Crosby, Stills, and Nash all show up to embarrass themselves—Crosby in particular, with a toe-curlingly stupid monologue about “gray-faced” men and naked hippie girls. Backstage at the Fillmore East, Bill Graham fares better as he rants about kids getting gouged by the industry while their heroes sing about revolution. As ever, Young is impish, the one guy who seems to know what’s going on, at least when he isn’t preoccupied with laying down rehearsals of “Words (Between the Lines of Age)” among other Harvest-era numbers in a barn with the Stray Gators. Confounding as it is, Journey Through the Past in some ways helped set the tone for the rest of Young’s career.
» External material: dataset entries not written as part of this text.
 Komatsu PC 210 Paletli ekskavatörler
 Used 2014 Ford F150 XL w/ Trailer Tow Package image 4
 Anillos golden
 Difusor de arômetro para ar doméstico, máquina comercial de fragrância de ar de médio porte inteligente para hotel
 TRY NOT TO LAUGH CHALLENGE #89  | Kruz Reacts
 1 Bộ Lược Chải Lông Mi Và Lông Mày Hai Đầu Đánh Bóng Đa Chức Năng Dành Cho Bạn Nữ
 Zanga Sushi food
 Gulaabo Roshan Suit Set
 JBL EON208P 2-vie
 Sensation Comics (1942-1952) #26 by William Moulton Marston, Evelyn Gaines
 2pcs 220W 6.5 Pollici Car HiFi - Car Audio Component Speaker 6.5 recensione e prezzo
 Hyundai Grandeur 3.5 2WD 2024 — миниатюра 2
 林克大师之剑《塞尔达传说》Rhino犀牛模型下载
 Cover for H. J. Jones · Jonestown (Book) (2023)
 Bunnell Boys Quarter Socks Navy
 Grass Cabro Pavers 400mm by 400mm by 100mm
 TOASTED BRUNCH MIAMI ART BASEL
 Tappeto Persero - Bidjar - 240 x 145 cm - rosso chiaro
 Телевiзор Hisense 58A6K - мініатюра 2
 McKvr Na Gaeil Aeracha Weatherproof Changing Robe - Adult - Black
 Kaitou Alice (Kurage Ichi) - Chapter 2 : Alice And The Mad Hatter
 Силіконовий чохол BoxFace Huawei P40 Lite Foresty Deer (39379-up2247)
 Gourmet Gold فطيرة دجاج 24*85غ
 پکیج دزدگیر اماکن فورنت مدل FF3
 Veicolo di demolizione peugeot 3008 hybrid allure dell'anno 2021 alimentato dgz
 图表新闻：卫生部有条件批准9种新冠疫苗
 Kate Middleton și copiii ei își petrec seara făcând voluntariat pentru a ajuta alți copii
If we see Shakey now as a man with a steadfast loyalty to his own muse, and a sincere indifference to your opinion, this movie clued us in 40 years ago. Its value as cinema, meanwhile, is best summed up by long-time collaborator Larry “LA” Johnson, who praised Young’s primitivism. “He will try stuff people more knowledgeable than him would never think of trying,” he said. “He’s the naïve explorer.”

Naturally, results will vary. If Greendale (2003) and A Day at the Museum (2012) push Young’s haphazard aesthetic to its breaking point—for the latter, he renders the otherwise fine Crazy Horse album Americana into something painfully boring—the naive explorations of Muddy Track (1987) might provide this retrospective with its towering moment of dreadful inspiration. Young was in Europe with Crazy Horse when his entire world went into free fall, and his diary of that disastrous 1987 tour, captured with a video camera named Otto, is unmissable. “What I’m looking for is anything bad,” he tells a small crew at the beginning. “If people get uptight while you’re filming, don’t stop… Anything that happens that’s going wrong, I want it.” Cue endless sheets of freezing European rain, riots, numerous cancelled shows, bad shows, worse shows, band fights, more band fights, painfully bad interviews, and the pitiful sight (and sound) of Crazy Horse drummer Ralph Molina trying to wrestle with synth-drums. Muddy Track is a terminal document from what should have been the end of Neil Young’s career. “It was a tour with a bunch of people that hated each other, hated what they were doing, and it showed,” said producer David Briggs. Yet its dogged focus on failure and collapse, aggravated by ear-splitting blasts of feedback and lousy acoustics, must have had a cleansing effect. After swearing to ditch them once and for all, Young rounded up the Horse and bounced back with 1990’s Ragged Glory. The nineties would prove to be a considerably better decade for everyone. Muddy Track is a vital dispatch from the outer rings of fucked up.

Other curios in the series include the equally fascinating Solo Trans, a one-hour video directed in 1984 by none other than Hal Ashby. Young was battling commercial failure and artistic torpor. This concert performance captures the confusion, opening with acoustic classics like “Helpless” before moving into the iffy electronica of Trans. It ends with the Shocking Pinks invading the stage for an antic run through “Payola Blues” that dumps all over the wretched album version on 1983’s Everybody’s Rockin’. Significantly, the gonzo humour is also still intact. In fact, Young is straight-up nuts in Solo Trans. “I got way into that guy,” he said, of the greaser Shocking Pinks persona he adopted at the time. “I was that guy for months. He was out there. It was a movie to me. Nobody saw it but me, but who gives a shit?”

“Nobody saw it but me, but who gives a shit?” What a great title for this must-see weekend of films.